Patrick from United States asked:

"Are there any advantages or disadvantages for a wide or large bargaining zone (ZOPA)?"

Phillip Cohen Answered:

The negotiation ZOPA, ‘Zone of Possible Agreement’, reflects the positive overlap of the parties 'Walk Aways' or 'Real Bases' or ‘Bottom-Lines’ on any issue under negotiation. So the deal is highly likely to be struck within this zone or region of agreement.

When considering the ZOPA the only position that a negotiator knows with certainty is his or her own bottom-line; the other side’s position is always an estimation and is arrived at by gathering information at all stages of the negotiation from preparation to closure, both at the table and away from the table. A negotiator almost always knows the other parties' 'Opening Offers' or 'Aspiration Bases' - through their requests, demands and positions. An Opening Offer can be useful in determining their Walk Away / Real Base / Bottom Line.

A negotiator should always start considering both parties' ZOPA at the earliest stage of his or her preparations and constantly refine and adjust these figures as the process proceeds.

There are considerable disadvantages to a narrow negotiation Zone of Possible Agreement. Firstly the parties generally, and often incorrectly, view their bottom-lines as sacrosanct and non-negotiable, and thus form a psychological bond with these positions; of course they may also be bound to their bottom-line positions by mandates received from their principals. Unless the negotiators are able or willing to review and relax their bottom-lines they become locked in to a narrow bargaining range and, in these circumstances, settlement is most often reached by way of compromise, invariably leaving value on the table.

If you find yourself locked into a narrow Negotiation Bargaining Zone on one issue, and the situation stands to your disadvantage, consider linking your issue with other issues. So for example: if you're not able to easily agree on price, consider changing the volume or the SLA (Service Level Agreement).

Our Seminar for Sellers, Purchasing Skills Courses and other negotiation skills training typically train negotiators to deal with both wide zones of possible agreement, and narrow zones of possible agreement. The most challenging situations are those where little to no ZOPA exists.

Consider the following:

  • Firstly, a wide ZOPA offers both parties an extended opportunity to create and add value by identifying and understanding the interests, needs and concerns underlying each other’s positions and by prioritizing these positions and interests.
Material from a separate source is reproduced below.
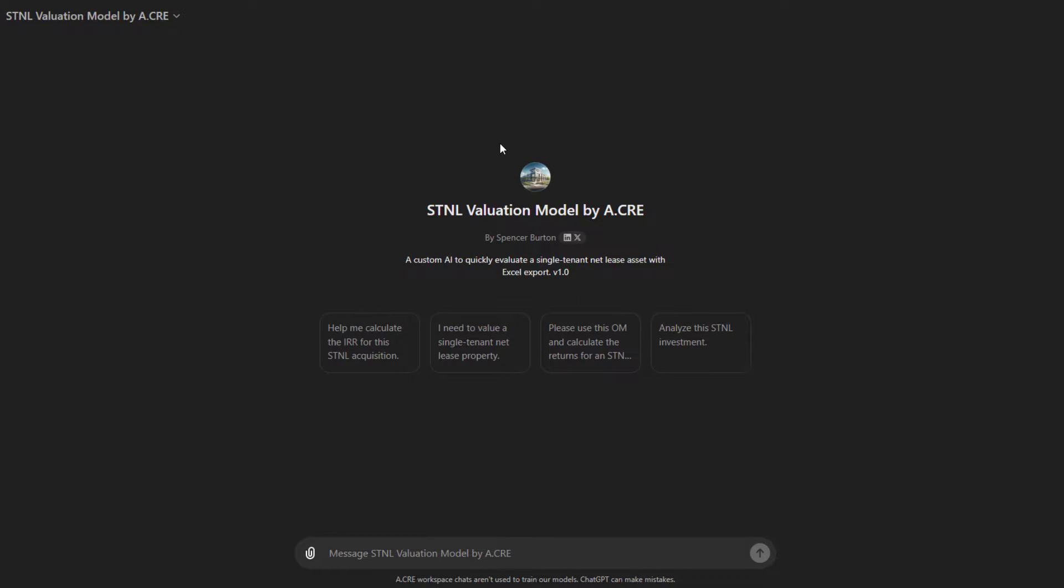Hey there, and thanks for watching. So over the next few minutes, we're going to walk you through our STNL valuation model custom GPT. So let's get started.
The effect of these actions alone often results in a further widening of the bargaining zone or “playing field”.
  • Secondly, experienced negotiators will formulate appropriate concession strategies whereby they formulate ways and means of benefiting the other side at little expense to themselves.
  • Thirdly, in bargaining over the created value the parties will have generated additional “room” to exercise and apply appropriate competitive power strategies and pressure tactics.
  • Finally, ask yourself this question: "Assuming we're not able to reach agreement on this issue or this deal, what would I do?" If your answer is to cut your losses and find another company or party to do business with, then best start the wheels rolling sooner rather than too-late. Alternatively, you may unearth a new area of value. Creatively adding value in negotiation is similar to creativity in other areas of human endeavour. For example: inventors very often experience flashes of inspiration that result in new breakthrough technologies only after they've hit a wall. So find ways to detach yourself from the problem by thinking of creative solutions.